Warriors fans…were less enthusiastic.

In between four championships since 2015, Stephen Curry and company have missed the postseason just twice, and both down years can be credited to injury.

It’s safe to say an expectation has been built in the Bay, by fans and players alike.

Which is why fans roasted the team’s Twitter account in response to the tweet:

“Have some shame,” wrote Sam Esfandiari, co-host of the “Light Years Pod” on Blue Wire.

“We used to raise banners,” wrote Alex, @Dubs408 on Twitter.

“I’d rather have a banner raising ceremony for a summer league title than tweet this,” said columnist for The Athletic, Seth Partnow.

User Evanem (@evanempdx on Twitter) wrote “Congrats on being in the top 66% of the western conference!”

Times are changing in the Bay.

For better or for worse?

Warriors’ Championship Odds Still High

ESPN has the Golden State Warriors’ 2023-2024 title odds at +6000, 12th in the NBA.

Given their standing with the 19th-best record in the NBA, that’s mighty generous. Their championship history can be credited for the at-least, average, title odds.

Golden State’s also on a run to end the year, having won seven in 10 games.

That’s despite being a little banged up, with Andrew Wiggins and Jonathan Kuminga dealing with nagging injuries.

Kuminga Returning for Warriors

After missing six consecutive games with knee tendinitis, Kuminga is returning for the April 7 matchup with the Utah Jazz.

The 21-year-old forward has been one of the league’s most improved players this season, averaging 16.3 points, 4.8 rebounds, and 2.1 assists in 70 games this season.

Kuminga is an integral part of this Warriors lineup. They’ll need him for any playoff run. Golden State is 25-19 when the former lottery pick appears in the starting five this season.

In 337 possessions where Kuminga joins Andrew Wiggins, Curry, Draymond Green, and Klay Thompson, the Warriors are outscoring opponents by 18.1 points per 100 possessions, per Cleaning the Glass.

And if you swap Thompson for rookie Brandin Podziemski, the output is still top of the league: +12.5, scoring 119.5 points per 100 possessions, and allowing 107.

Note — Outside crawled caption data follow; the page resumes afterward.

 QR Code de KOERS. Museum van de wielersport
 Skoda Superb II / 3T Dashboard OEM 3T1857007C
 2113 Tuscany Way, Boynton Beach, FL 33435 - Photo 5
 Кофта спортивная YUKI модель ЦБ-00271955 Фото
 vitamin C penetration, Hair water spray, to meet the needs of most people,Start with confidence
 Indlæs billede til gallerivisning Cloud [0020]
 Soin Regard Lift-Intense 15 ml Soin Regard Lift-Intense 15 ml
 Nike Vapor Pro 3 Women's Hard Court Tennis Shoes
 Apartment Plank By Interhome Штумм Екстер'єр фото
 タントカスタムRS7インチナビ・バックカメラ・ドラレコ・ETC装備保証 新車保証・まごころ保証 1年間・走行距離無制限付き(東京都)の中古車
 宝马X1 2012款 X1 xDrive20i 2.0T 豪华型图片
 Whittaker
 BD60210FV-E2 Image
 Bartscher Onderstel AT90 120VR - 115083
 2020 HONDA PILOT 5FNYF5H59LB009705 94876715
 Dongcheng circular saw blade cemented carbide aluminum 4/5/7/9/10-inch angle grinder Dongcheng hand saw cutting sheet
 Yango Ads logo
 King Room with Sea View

That’s through 488 possessions, and the defensive line ranks in the 97th percentile.

Jonathan Kuminga’s return is one of the final puzzle pieces that resemble that of the Golden State Warriors title hopes. But he’s not the player in the wind as the season winds down.

Wiggins Still Sidelined

Andrew Wiggins, arguably the third-best player on the Warriors’ most recent championship team in 2022, has missed consecutive games with left ankle soreness.

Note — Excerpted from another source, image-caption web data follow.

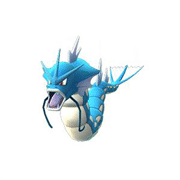 gyarados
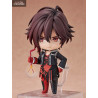 Amnesia - Figurine Shin, Nendoroid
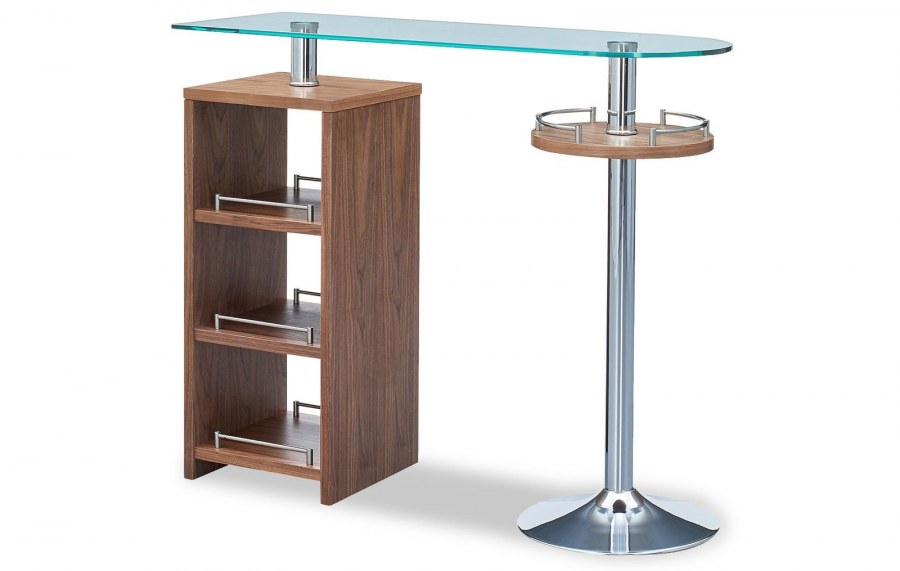 Барная стойка DS-6094-SN MK-2396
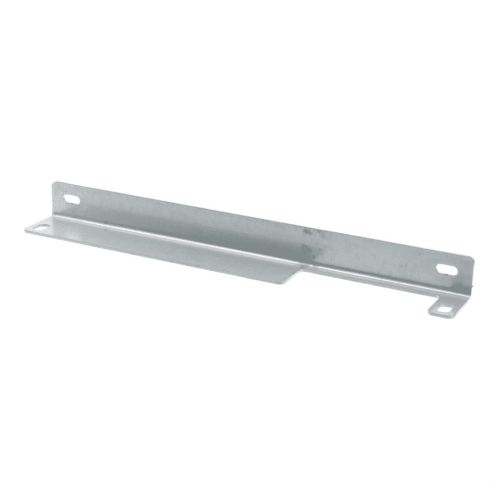 Liebherr 774621201 Refrigerator Bracket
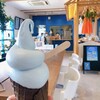 くめじまーるCafe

His absence isn’t as critical as Kuminga’s, which is a turn of the tables from recent history. But head coach Steve Kerr and the coaching staff are likely confident in Wiggins’ picking up the pace in the postseason.

Or at least, they’re hoping so.

On the year, Wiggins is averaging 13 points, 4.5 rebounds, and 1.7 assists per game. Those are all lower than his 2022-2023 averages.

He’s seen a major dip in his shooting percentages too. Wiggins shot 47 percent from the field and 39 percent from three last year.

This season he’s hitting just 45 percent from the field, and 35 percent from three.

Per Cleaning the Glass, in 2,397 possessions with Wiggins on the floor, and Kuminga off, Golden State is: being outscored by 2.4 points per 100 possessions.

If you swap the two, those numbers jump, with the Warriors outscoring opponents by 4.1 points in 2,471 possessions.

Regardless of the analytics, Wiggins is a player who’s become a part of Kerr’s system. As one of the greatest coaches of all time, he’ll find the adjustments that work with both players healthy and on the floor.

He’s going to have to, if the Warriors (unlike their social media team) are focused beyond the play-in tournament and on a deep playoff run.